Does this mean I do not want to get my children gifts?  Of course not.  I just want to teach them that getting gifts is not the point of Christmas.  I also want to teach them that the gifts they get are not because they were good, but are because Mommy and Daddy (or their grandma and grandpa or aunts and uncles) love them.  Can this lesson be learned while kids still believe in Santa?  I am sure it can, but the fact remains that “Santa Claus theology” is opposite from “Jesus Christ theology”.

On a much more practical level, what about the many children in poverty in America and throughout the world?  It seems that “Santa Claus theology” would say these kids were not good…because they do not get presents.  I want my kids to understand that some people may have more and other people may have less, but this is not because those with more are better.  My hope would be that my kids will develop a desire to help those in need.  Christmas would be a time to realize how much we are blessed and how we then have a responsibility to help others.  None of this is because we deserve it or they deserve it.  Instead, it is a free gift of love: God has blessed us so that we can bless others (which takes us back to God’s promise to Abraham in Genesis 12 that Abraham will be blessed and through him, all the world will be blessed).

To sum up, “Santa Claus theology” teaches that if you work hard and are really good then you will earn your reward.  This is a false teaching, opposed to the truth that you cannot work hard enough or be good enough to earn a reward…but God loves you anyway, even though you do not deserve it, and Jesus Christ came to love and save you.  Your reward is not something you earn.

Another reason I see to be honest about Santa Claus not existing is that I want my kids to develop a faith in Jesus Christ.  My fear would be that when they come to realize that Santa does not exist they would reason that, if they cannot see Santa and he does not exist then God, whom they cannot see, must also not exist.  Now obviously, children who learn Santa does not exist do not automatically become atheists!  I believed in Santa when I was a kid and I turned out okay.  At the same time, there are so many challenges to faith and Christianity in the world today.  I know my children will face these, and I suspect they will become more prevalent in the future. So why should I add unnecessary challenges?

As I write, I certainly do not want to come across arrogantly.  I am sure many people’s kids believe in Santa Claus and still learn the same lessons I hope my children learn.  In fact, I know many such people.  I just fear that the whole “Santa Claus theology” will get in the way of that.

What are some reasons to just bite the bullet and go along with the whole Santa Claus story?  The biggest one I can think of is that someone could say, “Come on Dave, Santa Claus is fun and harmless.  It is just a cultural thing, you are reading too much into it.”  I do not want to be “that guy” who does not just go with the flow.

Another reason is that in some way, telling my kids there is no Santa Claus then requires them to be deceitful to their friends.  What I mean by this is that I would also tell them that many families do believe in Santa Claus and that we should not ruin their fun.  So my children would then, when other adults or their friends ask them, be forced to play along.  But is such playing along a form of lying?

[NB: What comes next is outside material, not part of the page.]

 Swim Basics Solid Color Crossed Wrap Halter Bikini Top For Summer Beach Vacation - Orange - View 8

It seems there is might be no way to win: you either lie to your kids that there is a Santa, tell them there is not but also tell them to lie to their friends who believe there is, or let them be the punk kids who tell their friends there is no Santa and then they  have no friends.

Again, I am not trying to come across as holier-than-thou.  If your kids believe in Santa Claus, that is fine with me.  But I just cannot help but wonder, as a parent-to-be, if skipping the whole Santa thing is the way to go.  Why should I teach my kids what I know is a falsity that teaches them if they work and behave they will be okay?  Why should I teach something that is in direct opposition to the truths of the gospel of Jesus Christ?

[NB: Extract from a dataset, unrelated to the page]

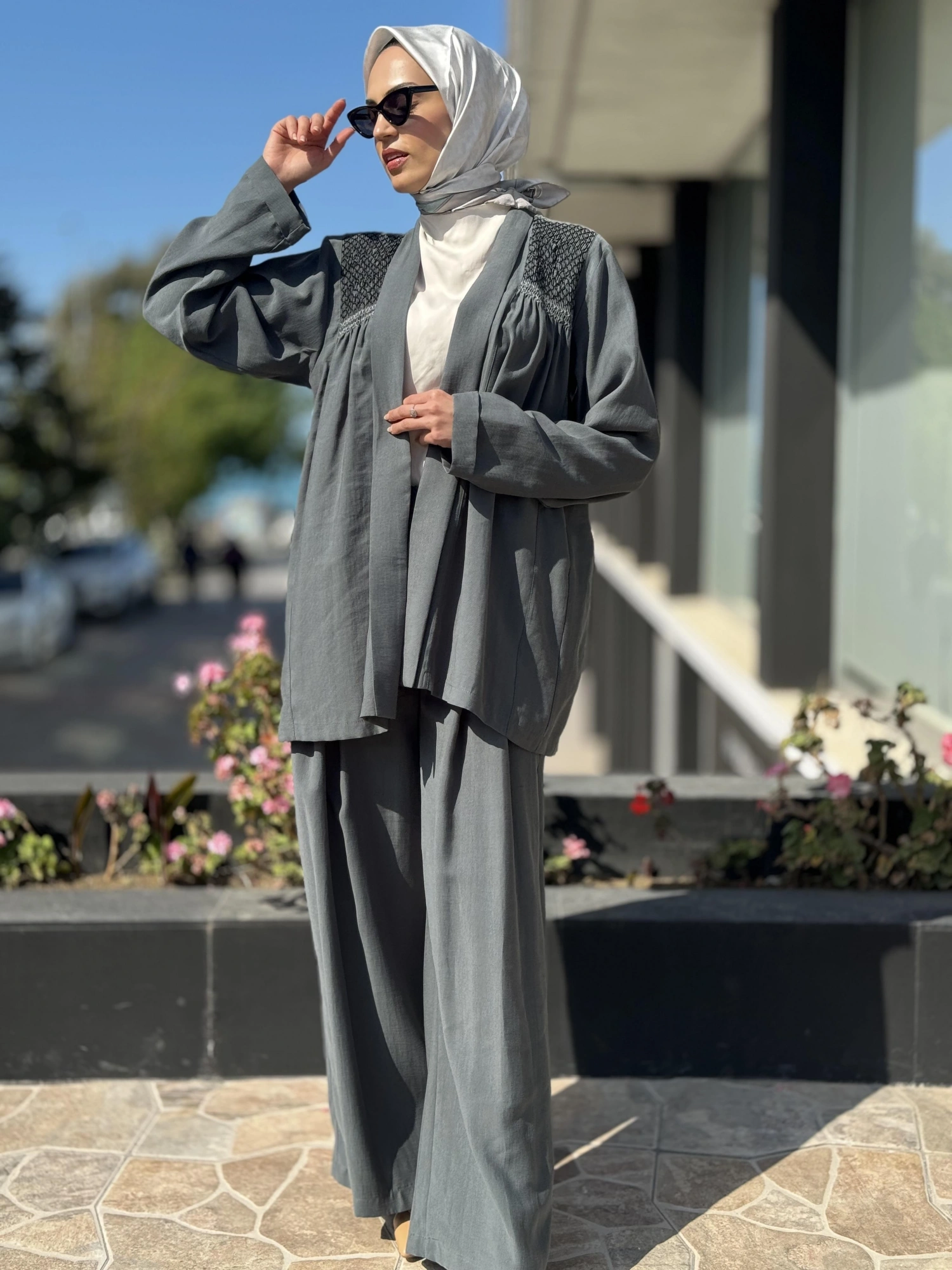 QOOQ Kroşeta Keten Ceket / Kimono 24SS604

Feedback is welcome.  Have a very Merry Christmas!

One last thought, I think it would be cool to tell my children about the real Saint Nicholas.  The real, historical Saint Nicholas is a far cry from the “Santa Claus theology” prevalent in our culture.  He is much closer, being a saint, to Jesus Christ.


Recent Reads – Articles

Students have headed home for the holidays, not to return for three weeks!  As always, I will spend this time in study and preparation for the coming semester.  As part of that study, I may spend a lot of time reading the work of the professors listed as the “Top 40 Blogs by Theology Professors.”

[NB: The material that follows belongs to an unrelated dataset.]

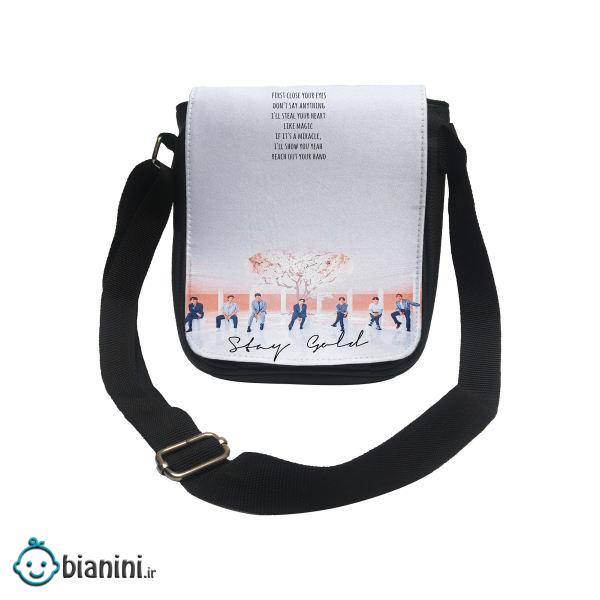 کیف دوشی دخترانه طرح bts کد d187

Barna always has their hand on the pulse of American religion, so I appreciate their “Six Megathemes” from their research in 2010.  I plan to spend more time reflecting on this and how it relates to campus ministry.

Ed Stetzer of LifeWay Research also gives us consistently good findings, today on how Americans celebrate Christmas.  His two conclusions are that Christmas is continuing to become more secularized (which is really not that surprising…if I hear Jingle Bell Rock on the radio one more time I might puke) but also that people are more open to the gospel than at other times of year.

It seems the furor over Wikileaks has died down somewhat (or maybe I have just spent less time reading about it).  That said, this is an issue not going away.  Wikileaks’ role in the new media is teaching us lessons (at least seven) about how information is spread and how the media will work in the future.  Some big names, like Daniel Ellsberg and Noam Chomsky, are speaking out in support of Wikileaks in the name of a free press.  However you feel about Wikileaks, it seems the conditions in which Bradley Manning, the soldier accused of leaking the information, is being held are inhumane, especially in a country like ours which often claims the moral high ground in the world.

Six Megathemes from Barna…and Campus Ministry

Summing up their research in 2010, the Barna group finds six “megathemes”.  I will list each one below with a few thoughts from my perspective as a campus minister on a secular university campus.

1.  The Christian Church is Becoming Less Theologically Literate

What used to be basic, universally-known truths about Christianity are now unknown mysteries to a large and growing share of Americans–especially young adults… As the two younger generations (Busters and Mosaics) ascend to numerical and positional supremacy in churches across the nation, the data suggest that biblical literacy is likely to decline significantly. The theological free-for-all that is encroaching in Protestant churches nationwide suggests the coming decade will be a time of unparalleled theological diversity and inconsistency.

CSF at Penn State Berks consists of students coming from a wide spectrum of Christian churches.  It is not surprising that the students vary in terms of their understanding of the Bible.  Most of the students who make it a point to get involved at CSF do seem to have at least some understanding of Biblical truth.  I suspect this simply shows that of all the students who grew up in churches, those who take the time to get involved in a campus ministry are those who are already more interested in it while still at home.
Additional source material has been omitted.